Many more changes came about in the ensuing years and AT&T incorporated in 1885 to lease phones to homes and offices but maintained ownership of the technology.

Then, in the 1880’s the switchboard came on board. During this time, there was no dialing, no signaling system, and no electronic switches. Callers would crank the handle; get an operator who then connects them to their party and then have their conversation. This type of system had no ringer to alert of incoming calls and no privacy due to the operator being the middle man holding the call together.

By 1946 the number of telephone callers made switchboard operators’ jobs too much for people alone to handle. Nearly a quarter of a million operators were working for AT&T in 1946 but that number would decrease significantly with the invention of automatic call switching.

Although this switching system was invented in 1889, it was not until 1914 that it was installed on a large scale basis in New Jersey. Then, it wasn’t until 1976 that the first computerized switch was put into action and by 1982 almost half of all telephone calls were switched electronically.

Turning the Century

Bell’s patent ran out at the turn of the century and approximately 6000 independent phone companies opened up shop. These independent companies could only connect locally, AT&T refused to allow them to link to the national system. Instead, they waited for the little guy to go bankrupt and then bought them out.

In 1984, AT&T got out of the local telephone service at the end of a ten-year lawsuit pushing to break up the telecommunication giant. This resulted in the forming of the so called ‘baby Bells’.  This breakup also allowed users to own their phones and hook up their own devices to them.

Prior to the 20th century phone systems used twisted copper wires which were expensive to install and absorbed a great deal of electrical energy. The coming years would see copper wire give way to coaxial cables, then microwave stations and then telecommunication satellites.

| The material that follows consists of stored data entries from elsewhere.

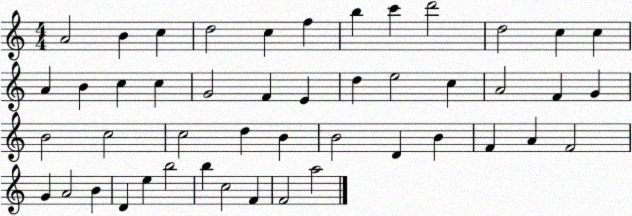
X:1
T:Untitled
M:4/4
L:1/4
K:C
A2 B c d2 c f b c' d'2 d2 c c A B c c G2 F E d e2 c A2 F G B2 c2 c2 d B B2 D B F A F2 G A2 B D e b2 b c2 F F2 a2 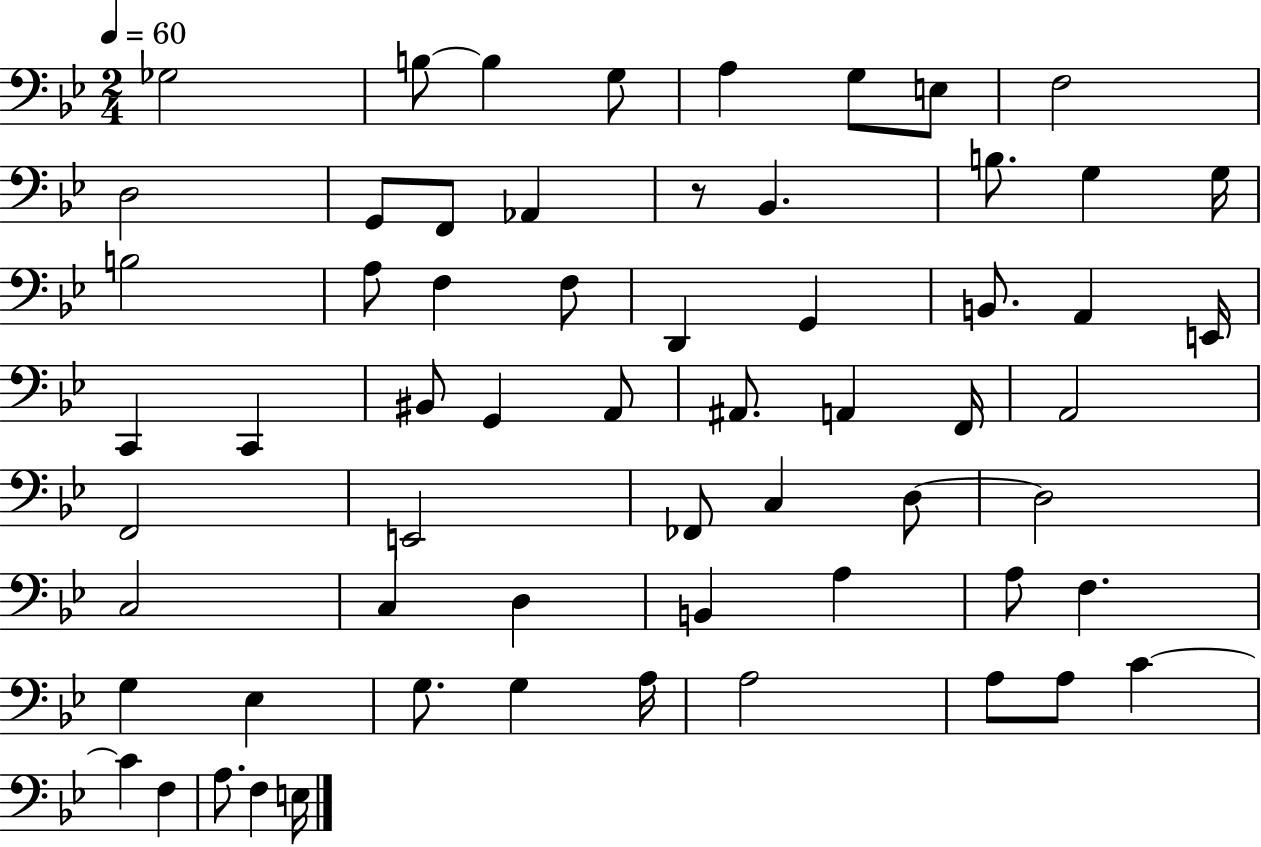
Gb3/h B3/e B3/q G3/e A3/q G3/e E3/e F3/h D3/h G2/e F2/e Ab2/q R/e Bb2/q. B3/e. G3/q G3/s B3/h A3/e F3/q F3/e D2/q G2/q B2/e. A2/q E2/s C2/q C2/q BIS2/e G2/q A2/e A#2/e. A2/q F2/s A2/h F2/h E2/h FES2/e C3/q D3/e D3/h C3/h C3/q D3/q B2/q A3/q A3/e F3/q. G3/q Eb3/q G3/e. G3/q A3/s A3/h A3/e A3/e C4/q C4/q F3/q A3/e. F3/q E3/s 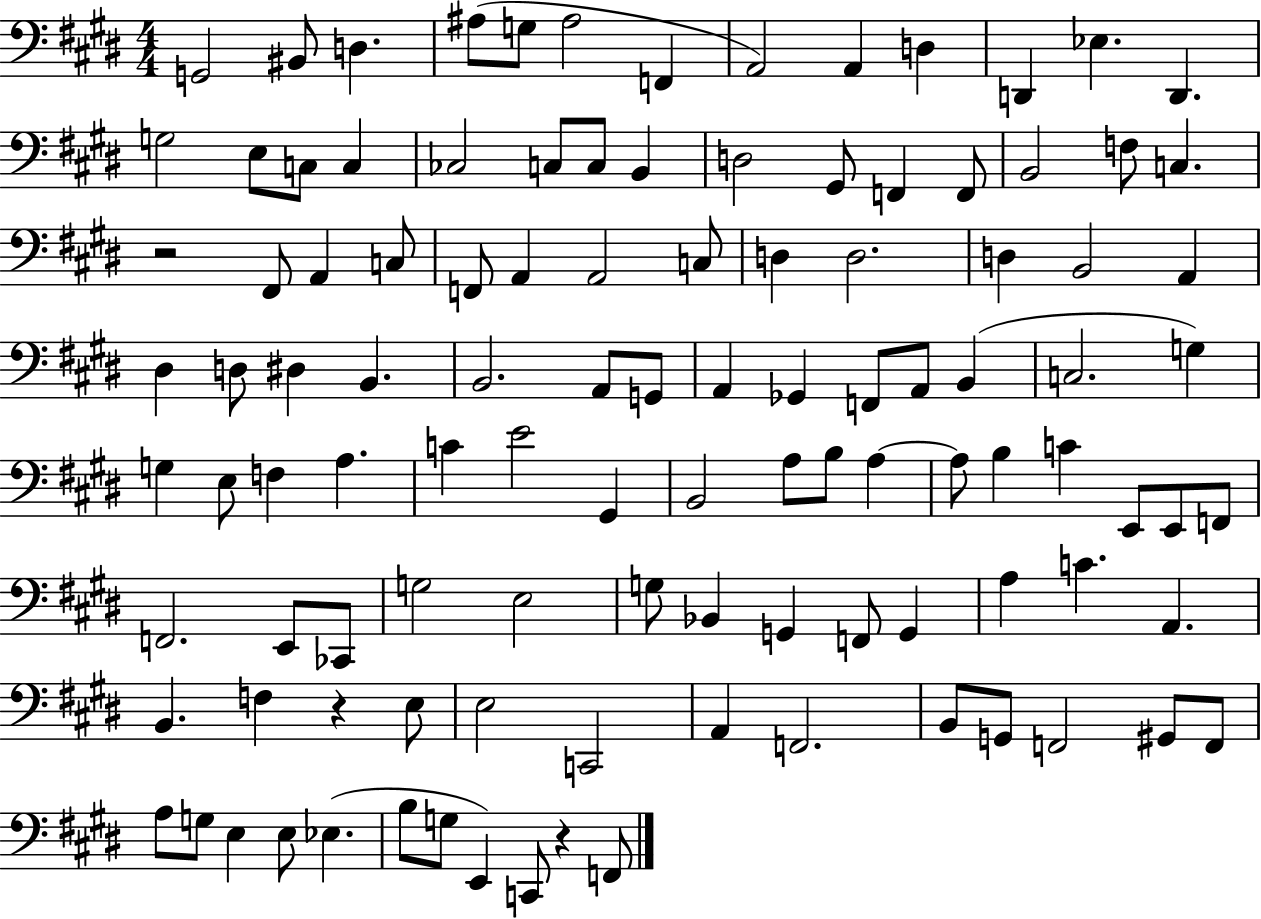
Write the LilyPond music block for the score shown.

{
  \clef bass
  \numericTimeSignature
  \time 4/4
  \key e \major
  \repeat volta 2 { g,2 bis,8 d4. | ais8( g8 ais2 f,4 | a,2) a,4 d4 | d,4 ees4. d,4. | \break g2 e8 c8 c4 | ces2 c8 c8 b,4 | d2 gis,8 f,4 f,8 | b,2 f8 c4. | \break r2 fis,8 a,4 c8 | f,8 a,4 a,2 c8 | d4 d2. | d4 b,2 a,4 | \break dis4 d8 dis4 b,4. | b,2. a,8 g,8 | a,4 ges,4 f,8 a,8 b,4( | c2. g4) | \break g4 e8 f4 a4. | c'4 e'2 gis,4 | b,2 a8 b8 a4~~ | a8 b4 c'4 e,8 e,8 f,8 | \break f,2. e,8 ces,8 | g2 e2 | g8 bes,4 g,4 f,8 g,4 | a4 c'4. a,4. | \break b,4. f4 r4 e8 | e2 c,2 | a,4 f,2. | b,8 g,8 f,2 gis,8 f,8 | \break a8 g8 e4 e8 ees4.( | b8 g8 e,4) c,8 r4 f,8 | } \bar "|."
} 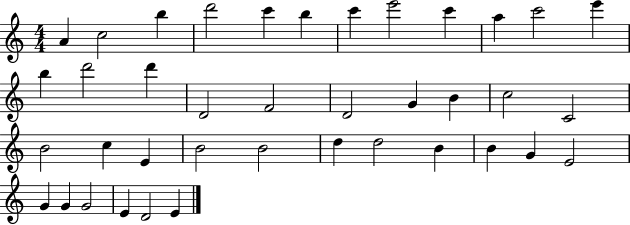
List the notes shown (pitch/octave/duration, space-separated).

A4/q C5/h B5/q D6/h C6/q B5/q C6/q E6/h C6/q A5/q C6/h E6/q B5/q D6/h D6/q D4/h F4/h D4/h G4/q B4/q C5/h C4/h B4/h C5/q E4/q B4/h B4/h D5/q D5/h B4/q B4/q G4/q E4/h G4/q G4/q G4/h E4/q D4/h E4/q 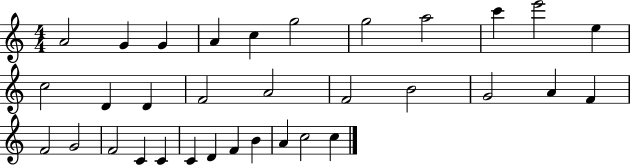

Digital transmission, though not new, did not come into telephone play in a large way until the 1980’s. Using fiber optic cables, digital transmission was up to 125,000 times faster than that of copper cable. Copper wire is still in use in many areas due to the high cost involved with running fiber optic cable to every home, though many areas have replaced the lines with fiber optic cable.

Beyond the Telephone

Having mastered the basic telephone and communication across great distances, there were still technological advances waiting to be discovered. The fax machine uses telephone lines to transmit digital signals to a modem on the receiving in which decodes the signals into messages. Then along came the mobile or cell phone.

Cell phones appeared in the early 1980’s and today there are millions in use. Cell phone networks use the regular phone system connected to a computer controlled center and transmission towers to transmit messages. Originally, there were few transmission towers and the mobile phones were bulky and had to be used near towers in order to have clear transmission.

Within a few years, the phones became small enough to fit in the palm of a hand and towers were located nearly everywhere. While there are zones with poor reception, most cell phones are always in a usable zone.

Today, cell phones do much more than just allow for voice conversation, cell phones allow access to the Internet, email, business applications, pictures and much more.